**Aim of the task**
Beginning at the line with "北 살림집이용증 받은 문천시 새솔농장 주민들 조명", please repeat each line exactly through the end of the records below, including that first line and the last, but no pictures.

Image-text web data
..............................

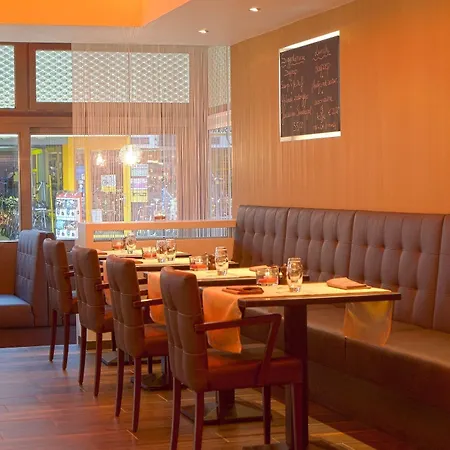 Kristoffel - Ontbijt Inbegrepen 3*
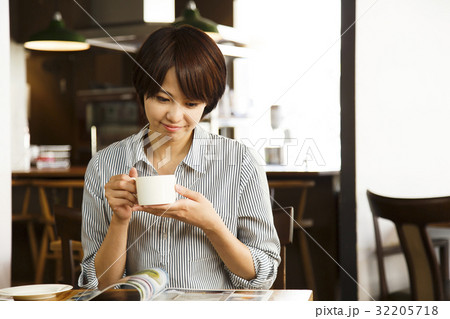 カフェ　女性　読書　若い女性　休憩　ビジネスウーマン　ノマド　ノマドカフェ　お客 32205718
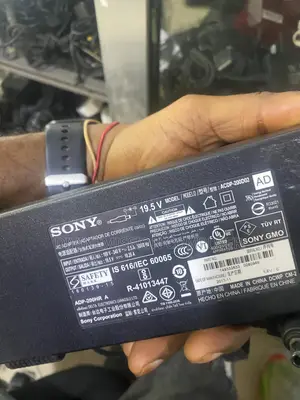 Sony Tv Adapter/Charger 19.5v10.26a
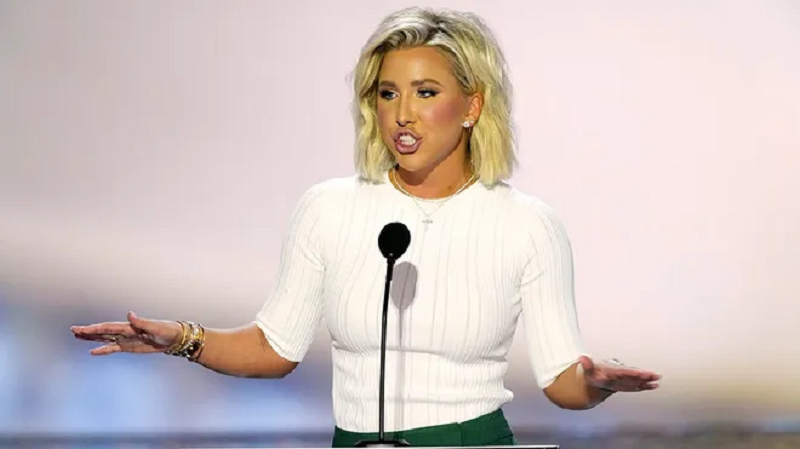 savannah-chrisley-to-speak-tonight-on-her-parents-incarceration-3.png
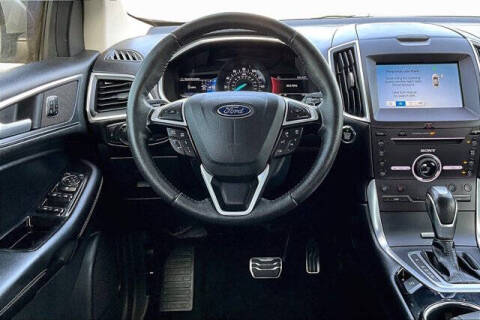 2016 Ford Edge Sport
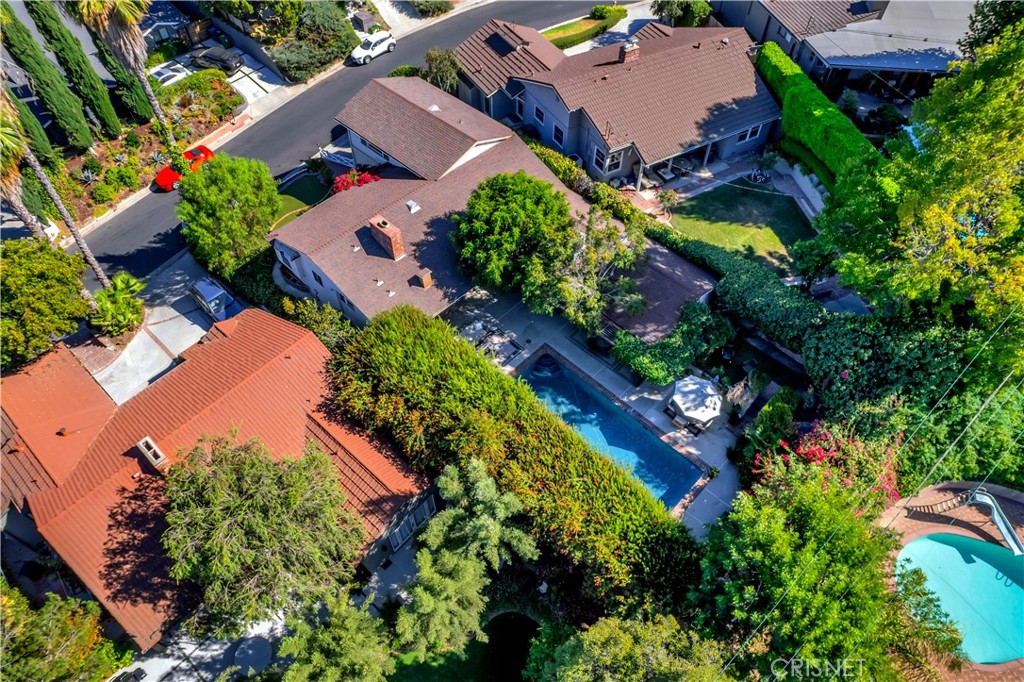 3667 Willowcrest Avenue Studio City, CA 91604 - Photo 49 of 49 an aerial view of a house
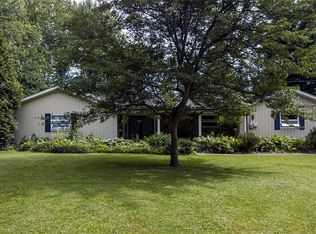 30575 Cottage Dr, Westlake, OH
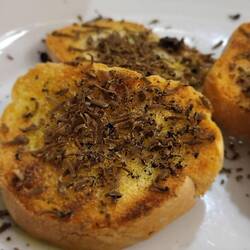 Bruscetta al Tartufo. Leeeeecker.
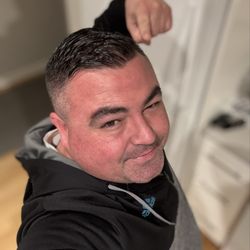 Waves & Fades Barbershop - That fade tho. Dooood psyched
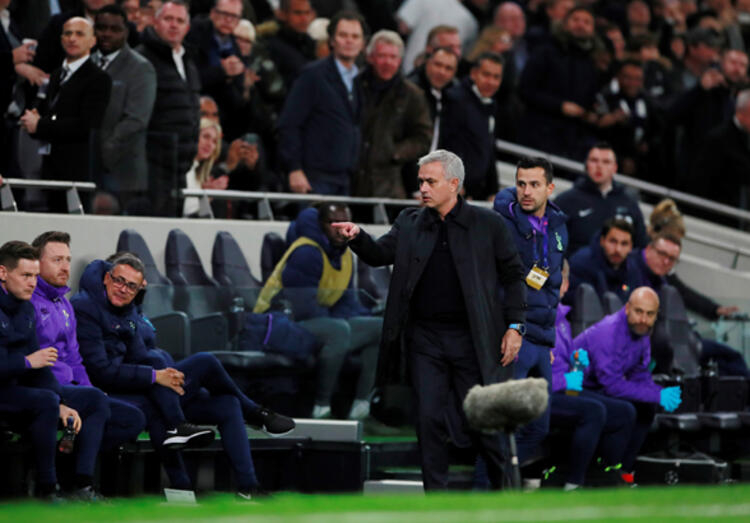 Mourinho sevinçten top toplayıcı çocuğa gidip sarıldı! 3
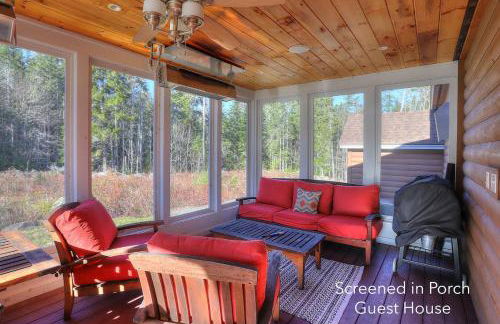 Gingerbread House on Mooselookmeguntic Lake - Foto 41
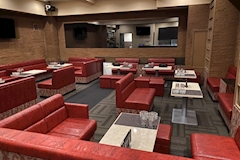 Lounge 117・イチイチナナ - 奈良のラウンジ/クラブ 店舗写真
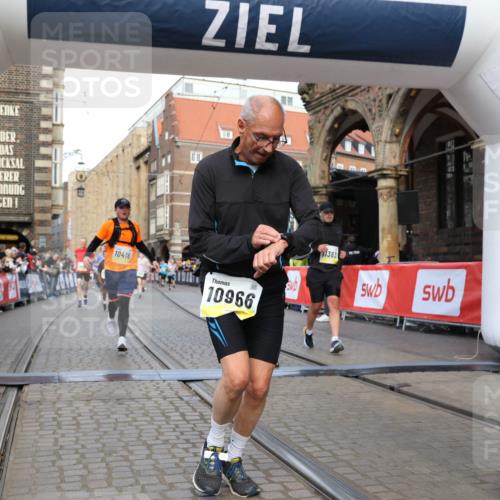 05.10.2025 - 20. swb-Marathon Bremen Yannick Fuchs http://msf.ph/oto/9251674 05.10.2025 10:53:54 Ziel 9494, 9934, 10020, 10416, 10906, 10966, 11141, 11383 meine-sportfotos.de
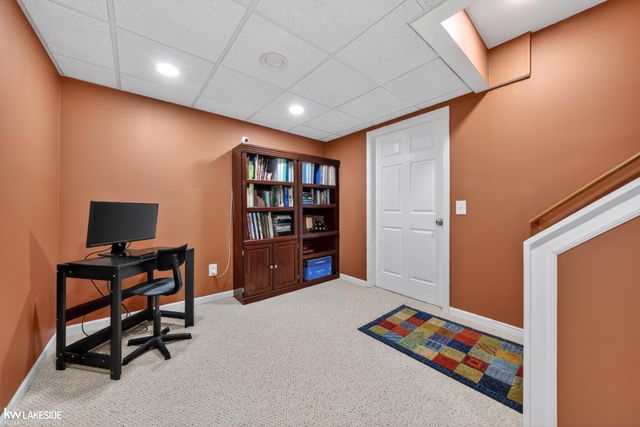 54213 Flamingo Drive, Utica, MI 48315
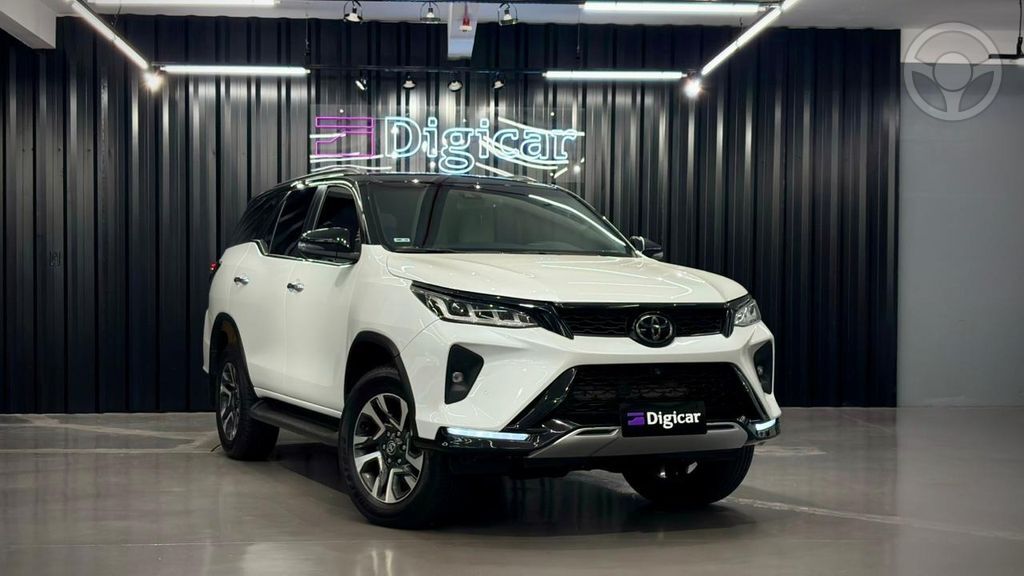 HILUX SW4 DIAMOND 2.8 TB 4X4 DIE. AUT.  - 2024 - LAJEADO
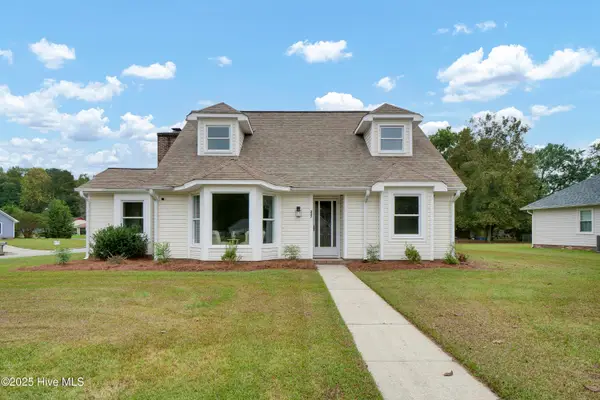 227 Woodcrest Court, Jacksonville, NC 28540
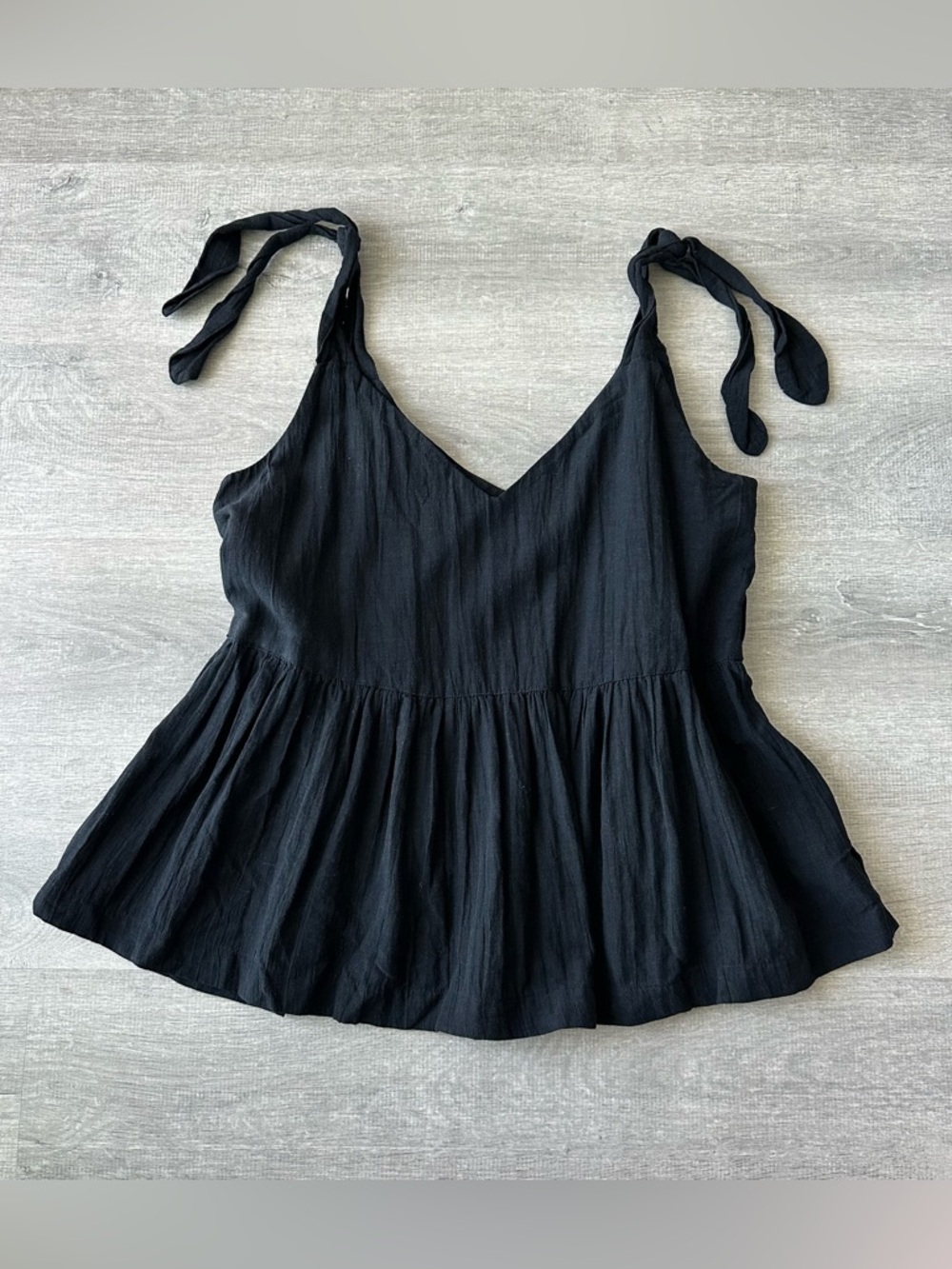 Gap Tie-Shoulder V-Neck Ruffled Babydoll Camisole - Black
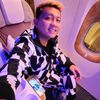 'Wong Ko Ngene Kok Dibanding-bandingke' Lirik dan Terjemahan Lagu 'Ojo Dibandingke' Denny Caknan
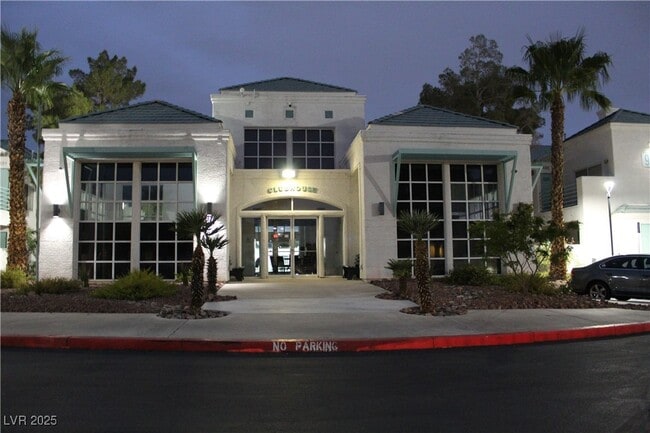 Building Photo - 7100 W Pirates Cove Rd Unit 2046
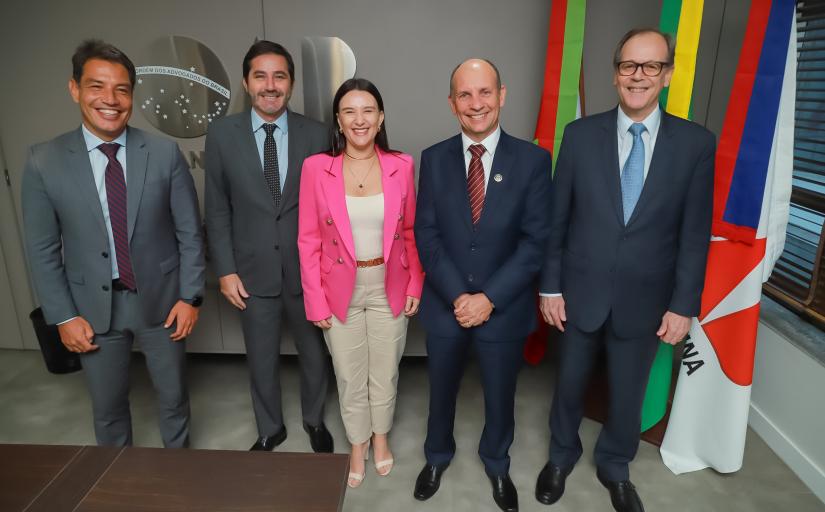 Quatro homens e uma mulher posam para foto. Ao centro, a presidente da OAB-SC juntamente com o presidente do TRT-SC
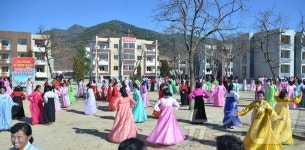 北 살림집이용증 받은 문천시 새솔농장 주민들 조명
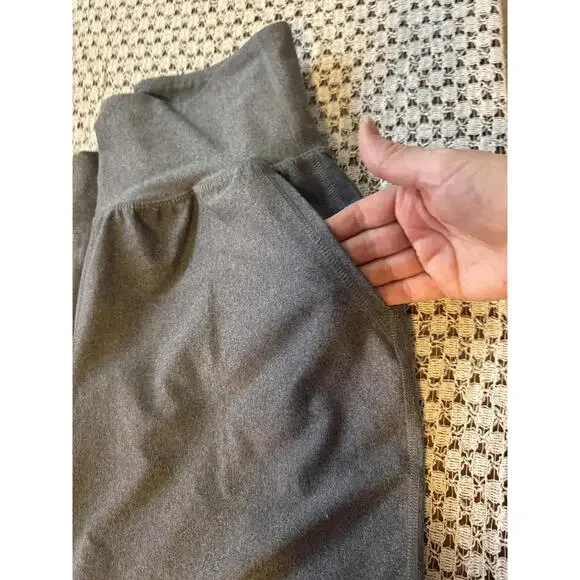 Nike Hoodie and Old Navy High-Rise Leggings Activewear Set Medium Gray - Picture 8 of 11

..............................

**Solution for this exercise**
 北 살림집이용증 받은 문천시 새솔농장 주민들 조명
 Nike Hoodie and Old Navy High-Rise Leggings Activewear Set Medium Gray - Picture 8 of 11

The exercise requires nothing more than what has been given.